Dividing up the Dental Office Income – Part I of doing your Numbers

In last Friday’s blog http://wp.me/p2c8zv-m I discussed my late in life findings of paying yourself first, as a Dental Practice Owner. As I said, this was one of the best pieces of information that I learned during my career as a Dental Office Owner. Sadly, I learned it late in my career. But not too late!

What this means is that every day, every week, or every month, you should separate physically a fee to you, the dentist, as remuneration for being a dentist. This is distinct from your remuneration that you receive for being a dental practice owner.

Look at it this way. If you were working in someone else’s dental office, not owned by you, then you would more often than not be remunerated by being paid a percentage of your gross billings. This percentage is often adjusted for dental laboratory costs. But you get my drift, right? At the end of the day, as an assistant dentist, you get paid a percentage for drilling teeth. And that’s all you have to do! Nothing else! That percentage is for the act of dentistry!!

Depending on where you work, and your skill level, that percentage can vary. For whatever reason, down here in Australia, working as an assistant dentist you can expect roughly about a 40% commission. Traditionally that’s 40% for the assistant dentist and 60% for the dental office.

Now here’s the kicker!! As an assistant dentist on 40%, here’s what you don’t do….

An assistant dentist spends zero time doing wages, HR, salaries, annual leave, employee contracts, employee disputes or rosters.  They don’t do stock control. These tasks are performed, at a cost, by the practice.

An assistant dentist does not buy equipment from his percentage. Equipment, especially new equipment, like Cerecs, microscopes, cone-beams and lasers, are provided by the dental office.

An assistant dentist does not go without during a bad week. If takings are down, he still gets the same percentage, usually. In most cases.

Conversely, on a good week, the assistant dentist does not go out and blow his extra earnings on equipment. His percentage is still the same!

A non-dental mentor of mine advocated taking your percentage on smaller time increments. Daily was one he favoured! If you were paid well early in the day, well he advocated getting that separated into your personal account even during lunchtime of that day!

Sadly, a large number of dentists out there operate their offices the same way I used to. That was, using the misguided belief that “if there’s enough gross around, there’s got to be some net left over somewhere”.

Now, I was lucky…but a lot of dentists out there are not! What happens for them is as business owners they muddy the waters between their own salary, and business expenses. They collect a gross fee for the dental office. From this they then pay their dues, i.e. rent, consumables, staff expenses and insurances etc., and then, they see what’s left over!

So many doctors get to the end of a financial year, and often it’s much later, and then get their figures from their accountant, and work out, then and there, whether it’s been a good or bad year.

This is bad business!! If you want to do it correctly, and by that I mean if you want a better way, then you need to separate your fee for being a dentist. From that fee, you can then run your personal expenses separate to your dental office expenses!

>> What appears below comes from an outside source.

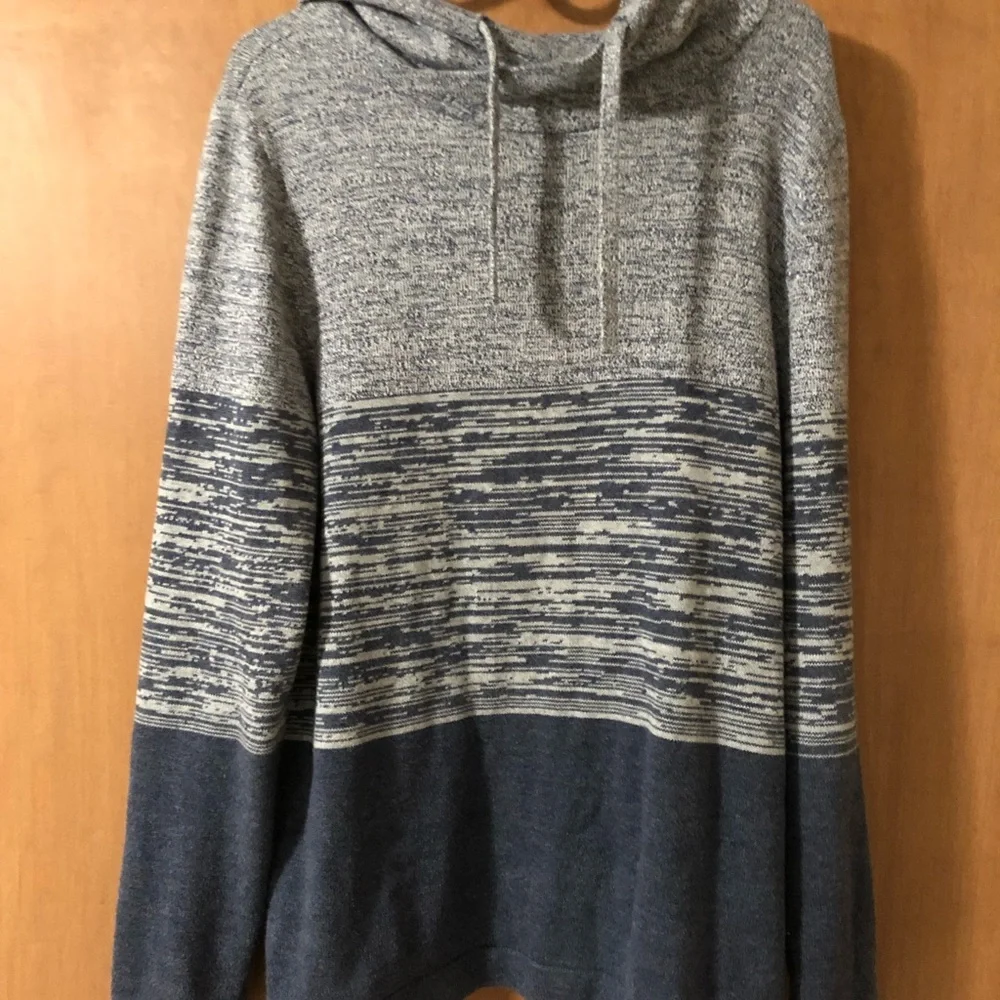 Express Sweaters - Picture 3 of 4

Now you may need to set up trusts and service companies. Advice on this I will leave to those more qualified!!
However, in the first instance, it may just be as easy to separate into two entities. Joe Smith Dentist and Joe Smith Dental Practice and Dental Office.

Separating your personal rewards from the business costs and expenses should be your first step in heading towards your true financial rewards for your studies, your financial investment, and your risks, and also those costs incurred (separately) for your toiling in running the business.

Without this separation, you’ll find yourself spending your whole life running on the treadmill wheel, much like a gerbil…a lot of action but going nowhere!!

So, let’s briefly consider what you do with your 40% you take as a dentist. Take it daily, take it weekly. Transfer the funds, your percentage, into your own separate account, away  from what’s left, which is the dental office account.

The amount you leave for the dental office, their 60%, we’ll talk about how that is appropriated next week.

From this 40% amount, you need to separate the following:

  • An amount for superannuation/retirement planning. Work out your best tax concessions on this. You need to be putting money away for the future. From Day One. And if not from Day one, from today onwards.
  • An amount for taxation. Work out your tax liabilities on your dentist generated income…then put this away into a separate account.
  • From what’s left is what you live on. Separate your personal expenses into this part; cars, school fees, living, holidays etc. all go here. Don’t muddy the waters by accidentally or otherwise putting these expenses across (inadvertently or illegally) into business.

The most important idea I want you to take from this blog is the compartmentalization of the dental office income. Appropriating money into various accounts will make life easier for you, now, and definitely in the future. But you need to separate your income from the money the business needs.